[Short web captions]
▶

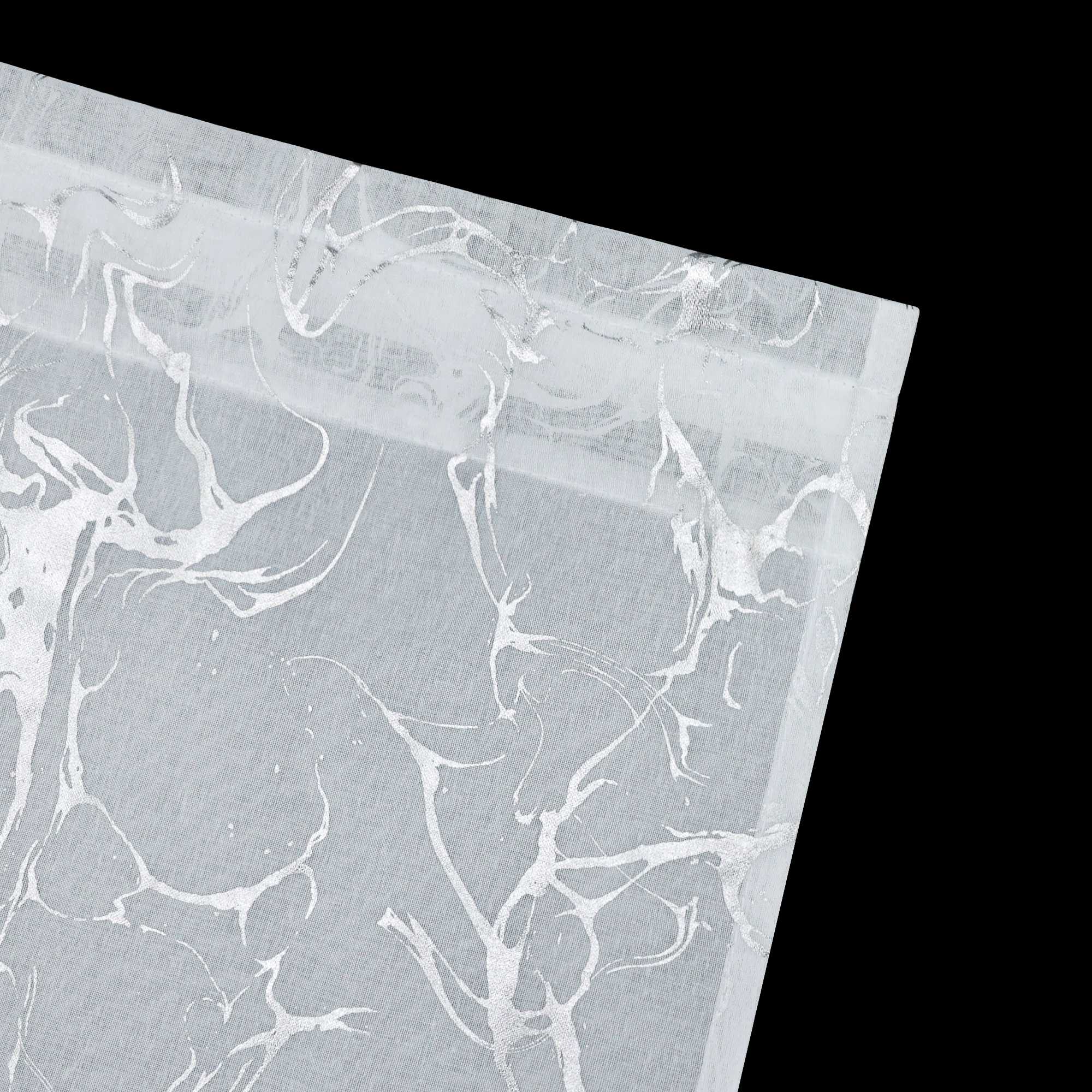 Scheibengardine durch Stangendurchzug doppelschichtige Küchengardinen mit silbernem Marmormuster 2er Set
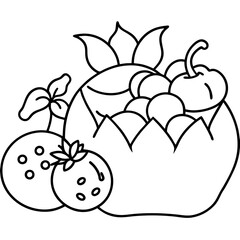 organic rubbish outline coloring book page line art drawing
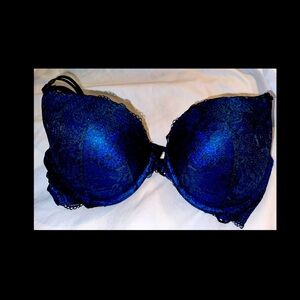 VICTORIA’S SECRET - 38C Very Sexy Push Up Bra - Royal Blue with lace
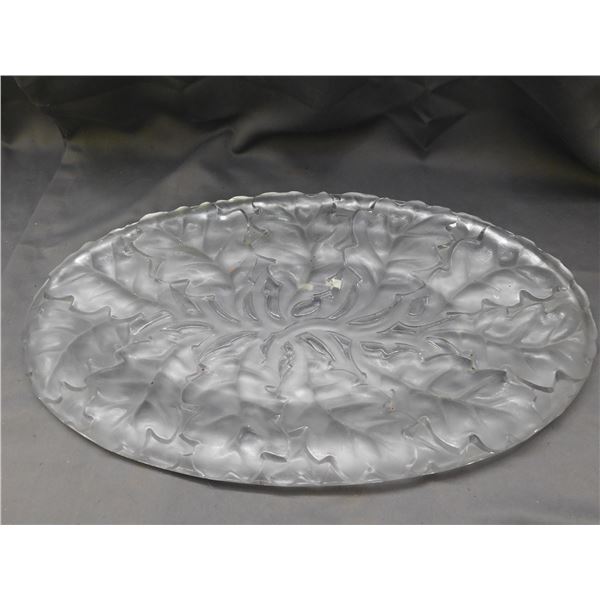 Lalique France Large Crystal Chene Oak Leaves Oval Platter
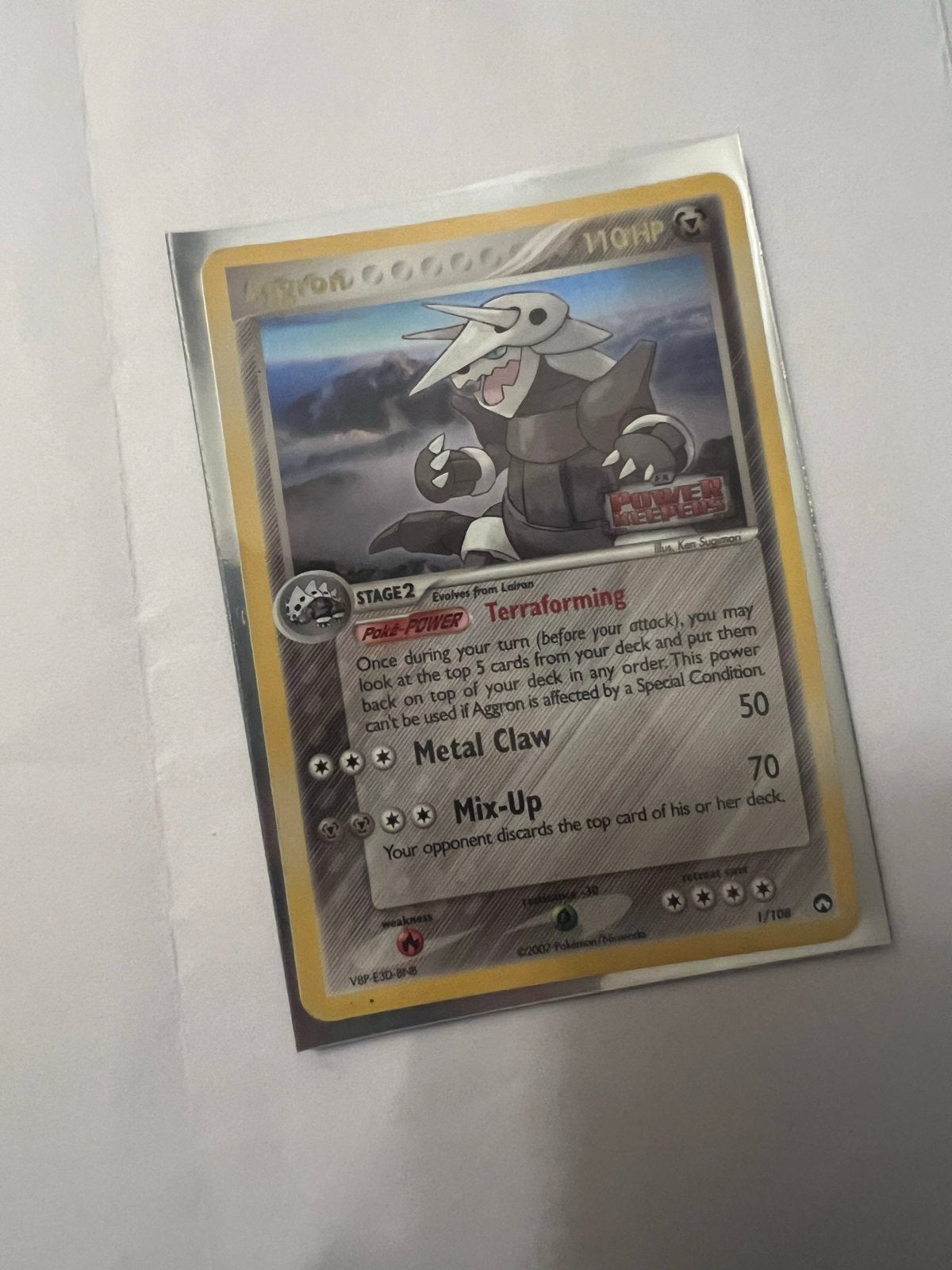 2007 Pokémon EX Power Keepers #1 Aggron-Reverse Foil, Ophalen of Verzenden, Zo goed als nieuw, Losse kaart, Foil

◀

Task description: Beginning with the line that holds "Lalique France Large" and continuing to the end of the entries above, set down each line exactly, both ends included; include no pictures.

Answer to this task:
 Lalique France Large Crystal Chene Oak Leaves Oval Platter
 2007 Pokémon EX Power Keepers #1 Aggron-Reverse Foil, Ophalen of Verzenden, Zo goed als nieuw, Losse kaart, Foil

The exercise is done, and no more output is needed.